#### DESCRIPTION OF THE TASK:
Every line from the one holding "U6026 – Reclining" through the last line of the records must be retyped exactly, and no other line or picture may appear in the copy.

(Crawled caption data)
◇ ◇ ◇ ◇ ◇ ◇ ◇

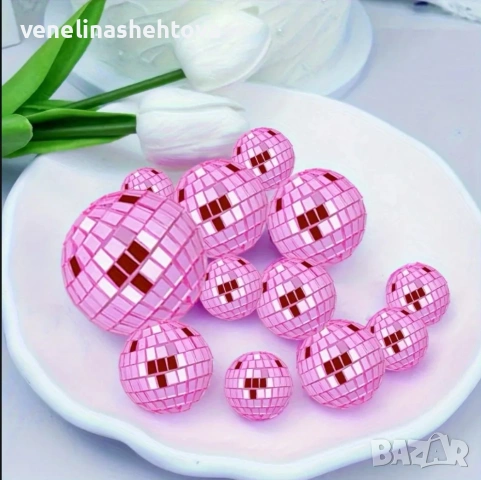 12 броя светло розови огледални диско топки за декорация на торта , снимка 2 - Други - 54010220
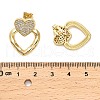Brass Micro Pave Clear Cubic Zirconia Stud Earrings EJEW-M097-01A-G-3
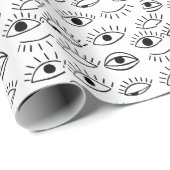Doodle-Auge, kreatives, nahtloses Muster. Geschenkpapier (Rolleneckpunkt)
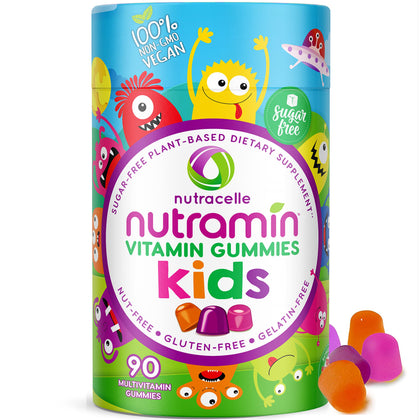 Nutracelle NUTRAMIN Sugar-Free, Allergen-Free & Vegan Gummy Multivitamins for Kids - Great Tasting Gummies Your Kids Will Love - 90 Count Bottle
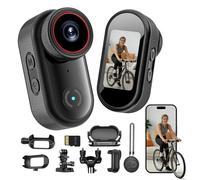 Mini caméra corporelle avec carte de 32 Go, caméra d'action portable 4K avec écran HD de 1,44", grand angle de 140°, collier magnétique et supports, partage d'applications, enregistrement en boucle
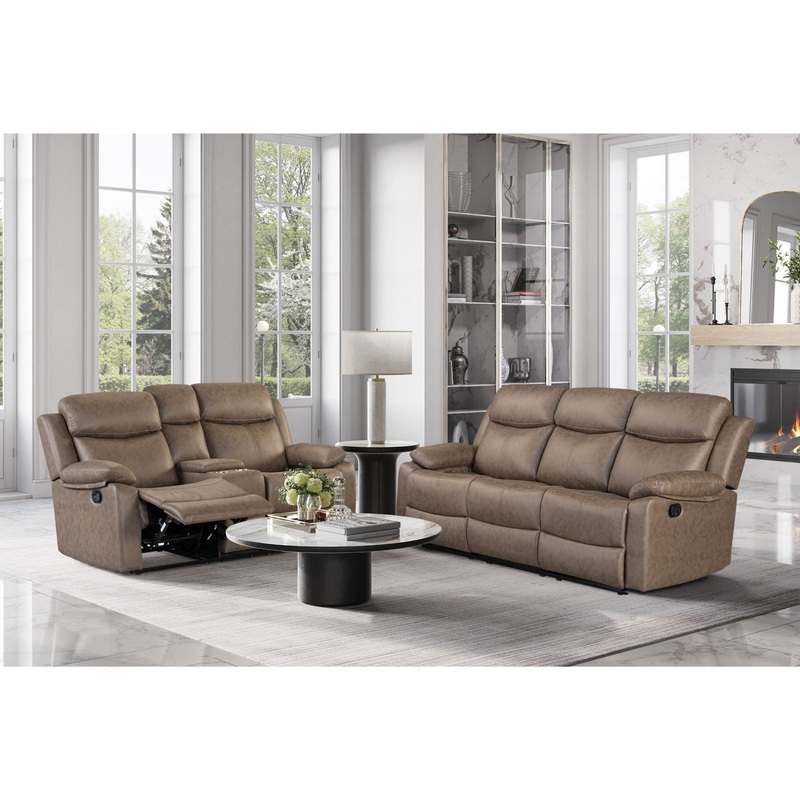 U6026 – Reclining Sofa / Console & Reclining Loveseat – Dark Brown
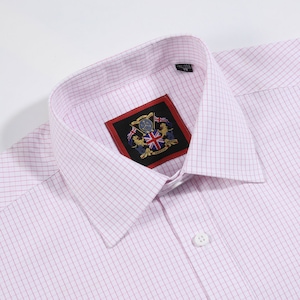 Mens Check Shirt,PINK Checked Pattern. Single & Double Cuff Options,Regular Fit Cut,Formal Wedding, Work Shirts,The Hampton.Clearance SALE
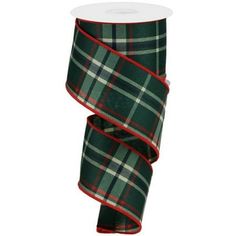 a roll of green and red plaid ribbon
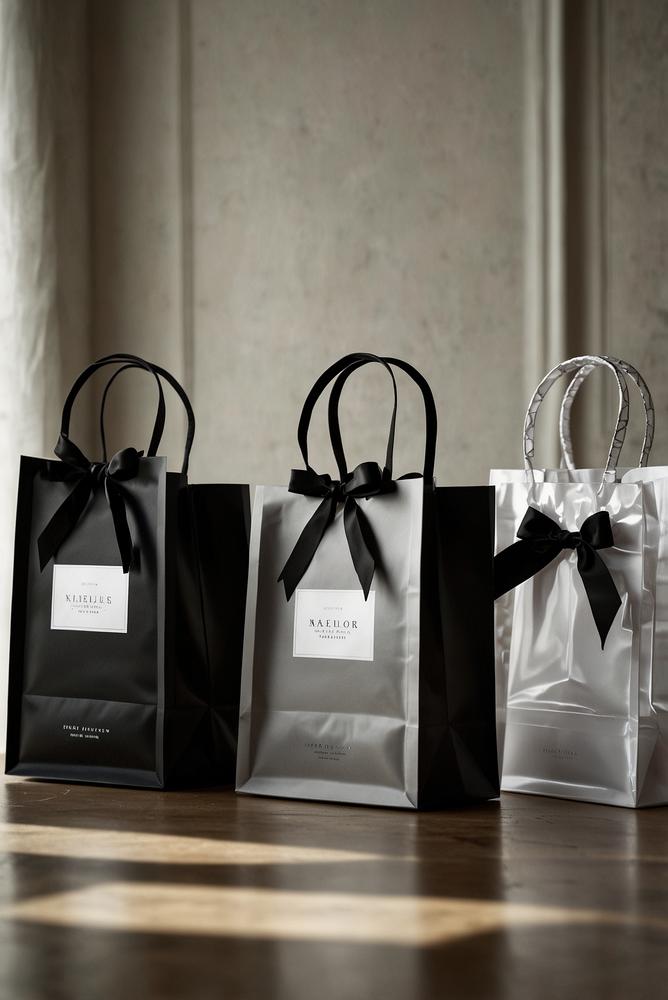 Elegante schwarz-weiss party-giveaways in stilvoller verpackung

◇ ◇ ◇ ◇ ◇ ◇ ◇

#### EXERCISE RESULT:
 U6026 – Reclining Sofa / Console & Reclining Loveseat – Dark Brown
 Mens Check Shirt,PINK Checked Pattern. Single & Double Cuff Options,Regular Fit Cut,Formal Wedding, Work Shirts,The Hampton.Clearance SALE
 a roll of green and red plaid ribbon
 Elegante schwarz-weiss party-giveaways in stilvoller verpackung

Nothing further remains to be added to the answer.